For years, internet piracy has been identified as a big problem in Australia. Copyright owners, both from Australia and around the world; allege that Australian pirates have caused millions of dollars of damage to them by downloading movies, TV shows, music and software illegally. The problem is exacerbated by the fact that TV shows and movies often reach Australia months after they get released in United States and often cost a lot more to watch legally. Thus, it is no surprise to see that a lot of Australian viewers take the dubious route of downloading content illegally from the internet.
To combat the piracy menace in the country, Australian ISPs along with the copyright holders drafted and submitted the Copyright Notice Scheme Code to AMCA last year. The program was scheduled to be implemented in September’ 2015 but was delayed due to differences between the two parties. As per the scheme, Australians found to be indulging in copyright infringement activities via torrenting were supposed to receive warning letters from their ISPs. A person repeating the offence was to face temporary disconnection (or slower speeds) while the third infringement could land the person in a serious legal trouble. The program was designed to be very similar to 3-Strike programs implemented in countries like United States.

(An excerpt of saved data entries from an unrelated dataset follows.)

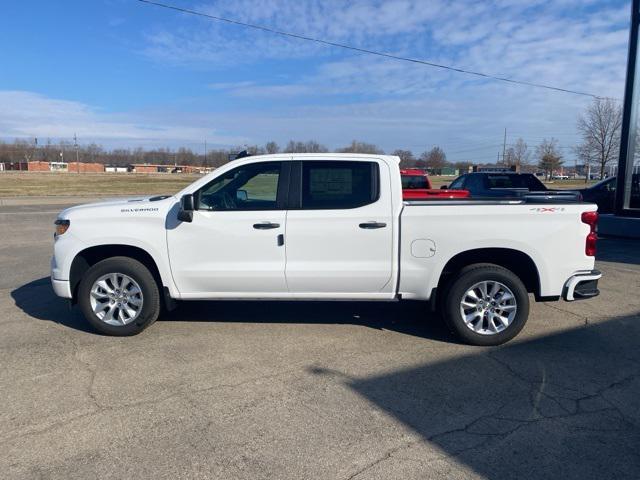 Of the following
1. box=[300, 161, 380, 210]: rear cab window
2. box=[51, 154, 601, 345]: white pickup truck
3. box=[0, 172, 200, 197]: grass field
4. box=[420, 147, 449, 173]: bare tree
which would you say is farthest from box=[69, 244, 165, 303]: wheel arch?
box=[420, 147, 449, 173]: bare tree

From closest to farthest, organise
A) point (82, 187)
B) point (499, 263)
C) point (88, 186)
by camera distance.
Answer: point (499, 263) → point (82, 187) → point (88, 186)

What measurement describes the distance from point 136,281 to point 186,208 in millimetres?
969

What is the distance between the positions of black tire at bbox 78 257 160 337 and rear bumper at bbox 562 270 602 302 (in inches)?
165

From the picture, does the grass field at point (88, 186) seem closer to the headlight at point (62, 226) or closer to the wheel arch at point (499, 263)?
the headlight at point (62, 226)

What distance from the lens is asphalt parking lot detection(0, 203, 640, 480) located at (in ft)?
9.91

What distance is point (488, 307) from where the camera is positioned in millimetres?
4902

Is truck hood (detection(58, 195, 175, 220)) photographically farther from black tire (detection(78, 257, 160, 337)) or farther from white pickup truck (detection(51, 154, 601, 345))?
black tire (detection(78, 257, 160, 337))

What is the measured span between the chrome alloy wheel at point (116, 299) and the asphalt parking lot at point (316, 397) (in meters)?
0.26

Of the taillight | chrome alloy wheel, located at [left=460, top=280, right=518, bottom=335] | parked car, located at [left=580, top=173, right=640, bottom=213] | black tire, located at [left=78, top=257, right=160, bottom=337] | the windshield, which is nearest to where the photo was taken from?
the taillight

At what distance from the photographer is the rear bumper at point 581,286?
191 inches

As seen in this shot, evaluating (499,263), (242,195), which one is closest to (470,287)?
(499,263)

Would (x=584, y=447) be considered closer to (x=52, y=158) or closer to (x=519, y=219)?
(x=519, y=219)

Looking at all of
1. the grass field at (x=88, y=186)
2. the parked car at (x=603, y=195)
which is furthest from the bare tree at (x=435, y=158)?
the parked car at (x=603, y=195)

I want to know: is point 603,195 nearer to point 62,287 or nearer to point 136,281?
point 136,281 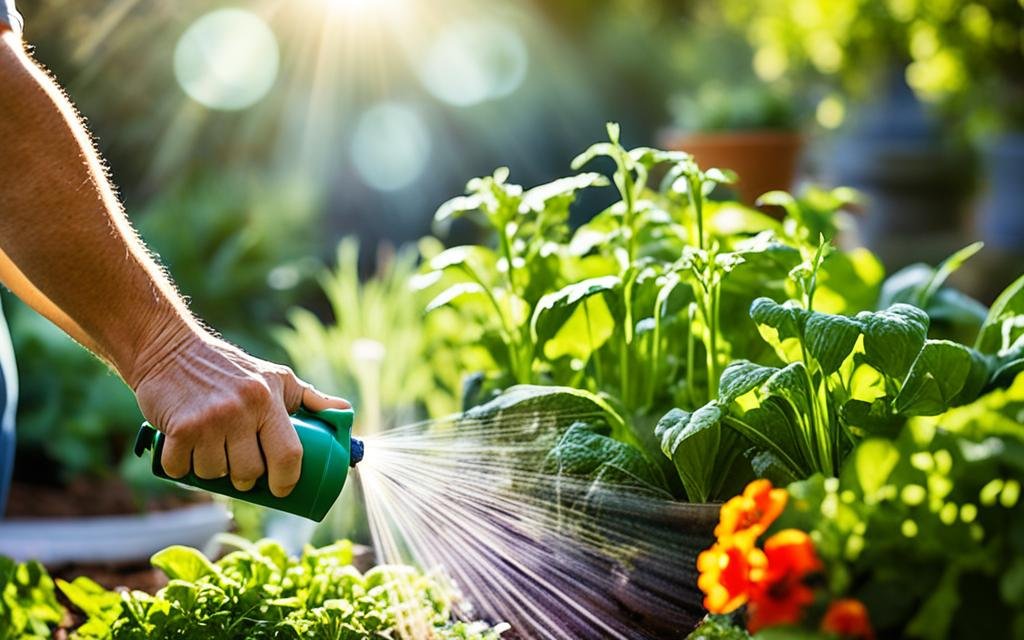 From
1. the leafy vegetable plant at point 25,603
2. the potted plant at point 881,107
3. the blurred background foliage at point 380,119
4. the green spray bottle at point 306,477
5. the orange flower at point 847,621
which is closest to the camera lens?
the orange flower at point 847,621

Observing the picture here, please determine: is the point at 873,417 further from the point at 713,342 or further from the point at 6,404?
the point at 6,404

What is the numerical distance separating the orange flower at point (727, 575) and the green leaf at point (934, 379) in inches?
16.7

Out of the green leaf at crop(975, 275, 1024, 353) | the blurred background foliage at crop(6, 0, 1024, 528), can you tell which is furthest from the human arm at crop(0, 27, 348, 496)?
the green leaf at crop(975, 275, 1024, 353)

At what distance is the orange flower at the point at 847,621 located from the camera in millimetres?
876

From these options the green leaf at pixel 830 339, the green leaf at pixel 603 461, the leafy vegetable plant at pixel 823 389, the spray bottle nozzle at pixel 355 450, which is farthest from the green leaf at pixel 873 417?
the spray bottle nozzle at pixel 355 450

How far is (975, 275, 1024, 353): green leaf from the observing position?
153 cm

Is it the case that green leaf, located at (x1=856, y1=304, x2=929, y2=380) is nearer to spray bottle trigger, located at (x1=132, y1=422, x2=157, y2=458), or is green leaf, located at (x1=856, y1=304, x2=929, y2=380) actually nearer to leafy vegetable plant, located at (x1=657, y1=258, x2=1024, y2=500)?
leafy vegetable plant, located at (x1=657, y1=258, x2=1024, y2=500)

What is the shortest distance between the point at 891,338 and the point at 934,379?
11 cm

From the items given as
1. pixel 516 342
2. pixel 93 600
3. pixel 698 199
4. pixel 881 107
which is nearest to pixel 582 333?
pixel 516 342

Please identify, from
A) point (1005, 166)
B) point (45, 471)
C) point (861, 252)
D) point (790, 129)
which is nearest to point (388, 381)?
point (861, 252)

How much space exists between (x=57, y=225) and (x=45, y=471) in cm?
259

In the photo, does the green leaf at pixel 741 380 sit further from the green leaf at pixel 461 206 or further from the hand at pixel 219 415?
the green leaf at pixel 461 206

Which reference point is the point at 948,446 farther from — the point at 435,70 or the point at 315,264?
the point at 435,70

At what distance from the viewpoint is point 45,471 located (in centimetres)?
361
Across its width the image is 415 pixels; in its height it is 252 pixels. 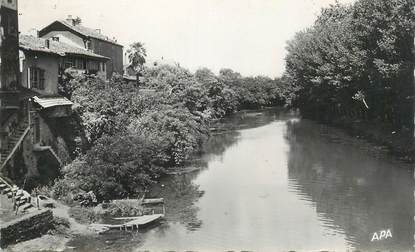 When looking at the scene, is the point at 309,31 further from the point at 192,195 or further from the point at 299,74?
the point at 192,195

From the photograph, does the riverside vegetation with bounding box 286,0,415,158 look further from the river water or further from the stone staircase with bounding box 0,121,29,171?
the stone staircase with bounding box 0,121,29,171

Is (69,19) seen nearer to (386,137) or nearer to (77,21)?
(77,21)

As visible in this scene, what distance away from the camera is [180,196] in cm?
3488

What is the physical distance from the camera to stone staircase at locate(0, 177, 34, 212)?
24323mm

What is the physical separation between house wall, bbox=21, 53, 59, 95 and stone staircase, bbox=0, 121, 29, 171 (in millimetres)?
4615

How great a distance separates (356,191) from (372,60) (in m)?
19.9

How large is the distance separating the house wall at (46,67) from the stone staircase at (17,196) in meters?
10.4

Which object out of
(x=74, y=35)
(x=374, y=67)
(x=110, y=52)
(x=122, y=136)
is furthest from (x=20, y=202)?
(x=110, y=52)

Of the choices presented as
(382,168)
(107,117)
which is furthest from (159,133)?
(382,168)

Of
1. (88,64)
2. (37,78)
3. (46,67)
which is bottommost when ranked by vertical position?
(37,78)

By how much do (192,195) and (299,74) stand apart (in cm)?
6600

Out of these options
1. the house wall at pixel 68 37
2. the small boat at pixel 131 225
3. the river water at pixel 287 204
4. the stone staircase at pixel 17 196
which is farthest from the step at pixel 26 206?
the house wall at pixel 68 37

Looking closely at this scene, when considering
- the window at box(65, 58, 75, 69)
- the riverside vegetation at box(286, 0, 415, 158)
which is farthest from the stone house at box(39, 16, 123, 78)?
the riverside vegetation at box(286, 0, 415, 158)

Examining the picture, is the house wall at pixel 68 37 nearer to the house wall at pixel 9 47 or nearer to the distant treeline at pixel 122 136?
the distant treeline at pixel 122 136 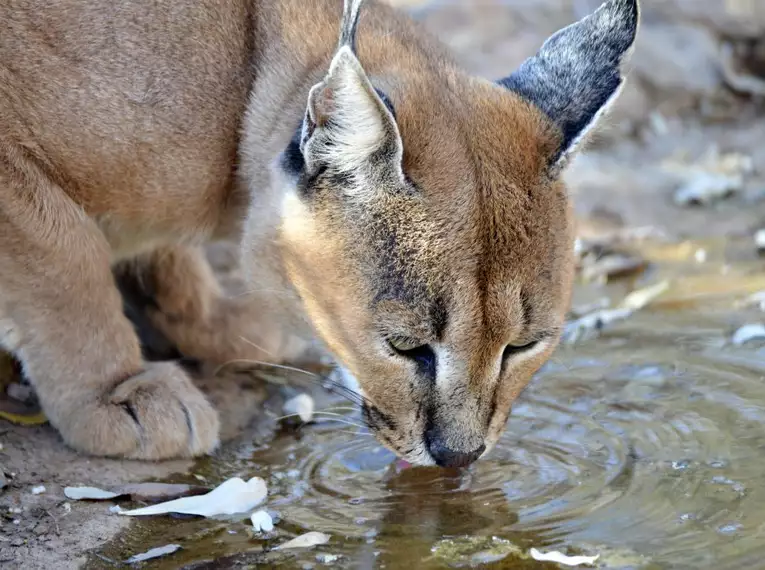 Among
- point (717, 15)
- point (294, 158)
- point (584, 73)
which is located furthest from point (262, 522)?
point (717, 15)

While both the rights holders and ISPs agreed to the basic framework of the scheme, they could not agree upon how to share the cost burden of the program. Since the program involved preparing the infringement notices, sending them to the pirates and subsequently dealing with the calls of the customers, the total cost associated with the scheme was becoming prohibitively expensive (as much as $16 to $20 per infringement activity). The two parties even discussed implementing an automated system instead of the manual intimation process but it would have cost ISPs millions of dollars right at the onset. So, it is clear to see why the Australian ISPs were not comfortable with implementing such a costly and cumbersome scheme.
While the three-strike anti-piracy program has been officially abandoned in Australia, other anti-piracy measures may yet see the light of the day. Copyright holders, including Foxtel and Village Roadshow; have been pushing for blocking of popular movie streaming and torrent sites within the country which could have a significant impact on the overall piracy scene in Australia.